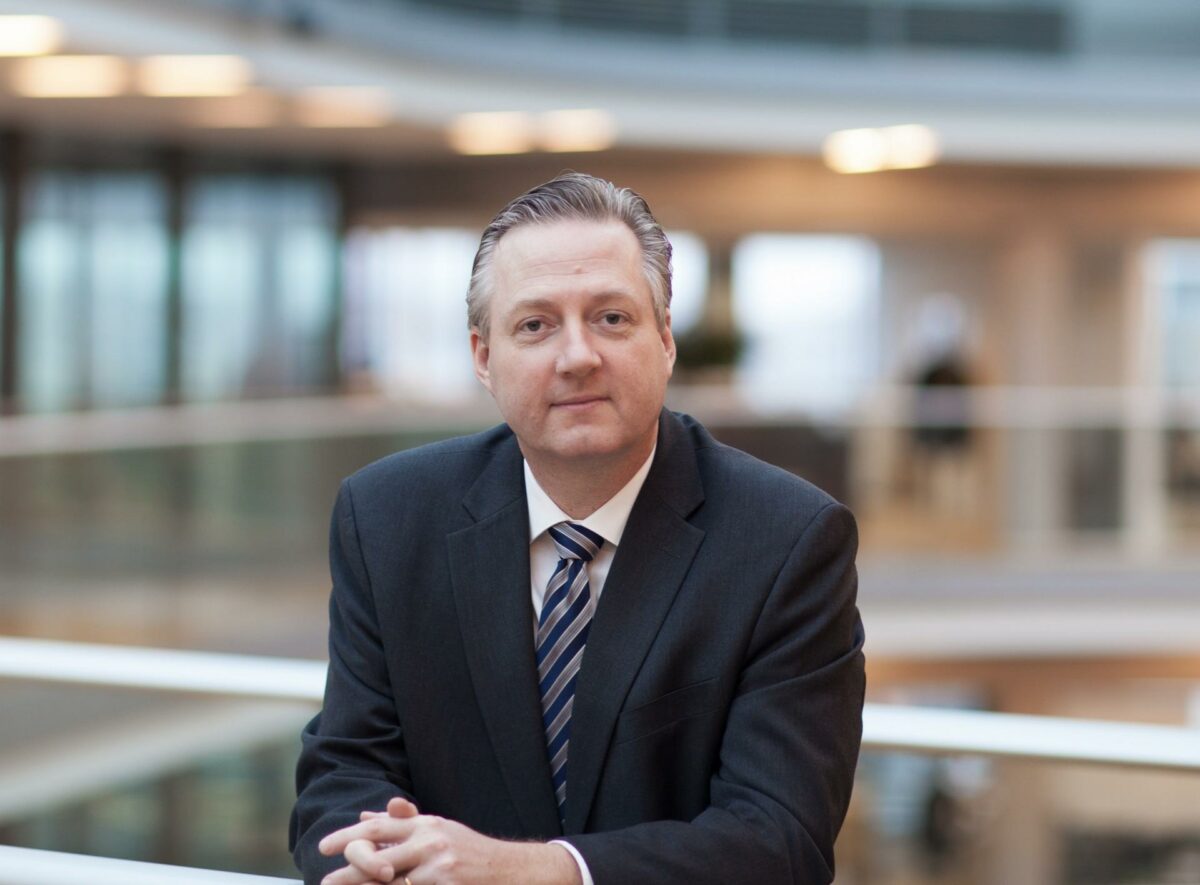 Jens Chr. Helbech Hede, 47, skal fremover stå i spidsen for transportdivisionen for Internationale Projekter i Rambøll. Pressefoto.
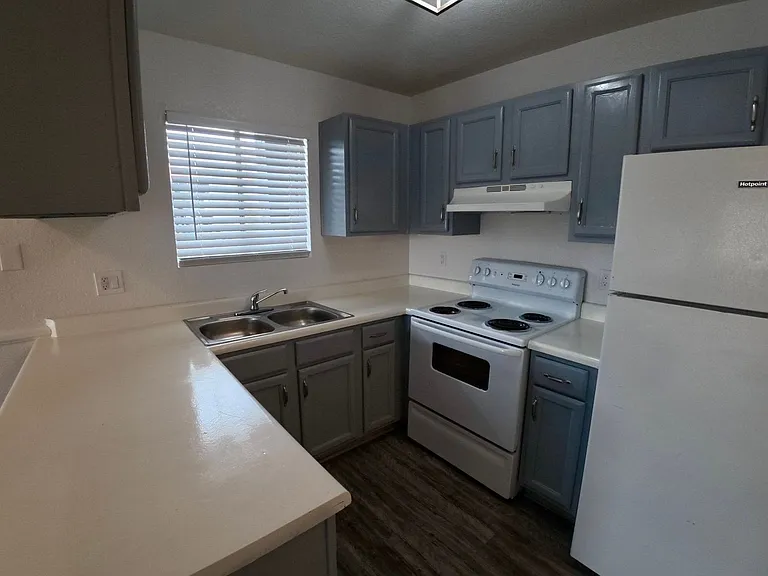 1 Month FREE Rent + No Application Fee 3049 E Cicero Street, Mesa, AZ! — Photo 23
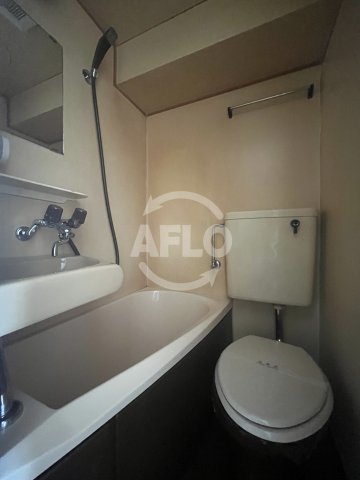 バス・シャワールーム　グルパ十三　浴室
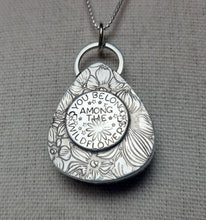 Load image into Gallery viewer, Wildflowers with labradorite
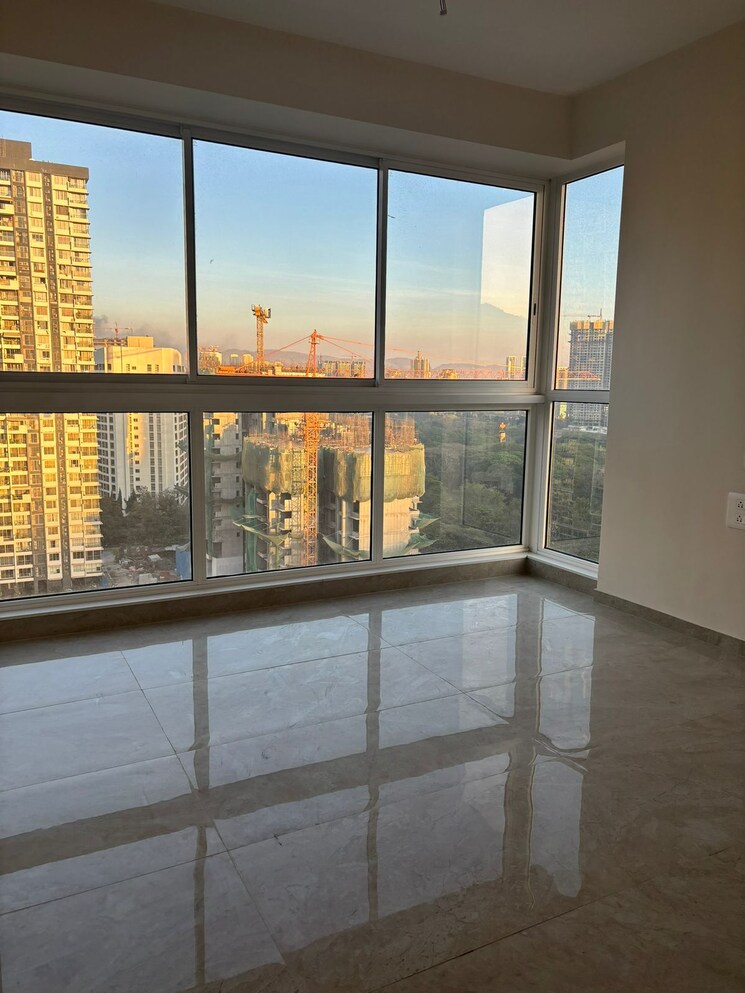 Room, tata-serein 4 Bedroom 1900 Sq.Ft. Apartment In Pokhran Road No Two Thane 7708547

....

**ABOUT THIS EXERCISE**
Find the line containing "バス・シャワールーム　グルパ十三　浴室" in the listing above. Restate it and every line after it, word for word, through the final line, leaving out the pictures.

**SOLVED PROBLEM**
 バス・シャワールーム　グルパ十三　浴室
 Load image into Gallery viewer, Wildflowers with labradorite
 Room, tata-serein 4 Bedroom 1900 Sq.Ft. Apartment In Pokhran Road No Two Thane 7708547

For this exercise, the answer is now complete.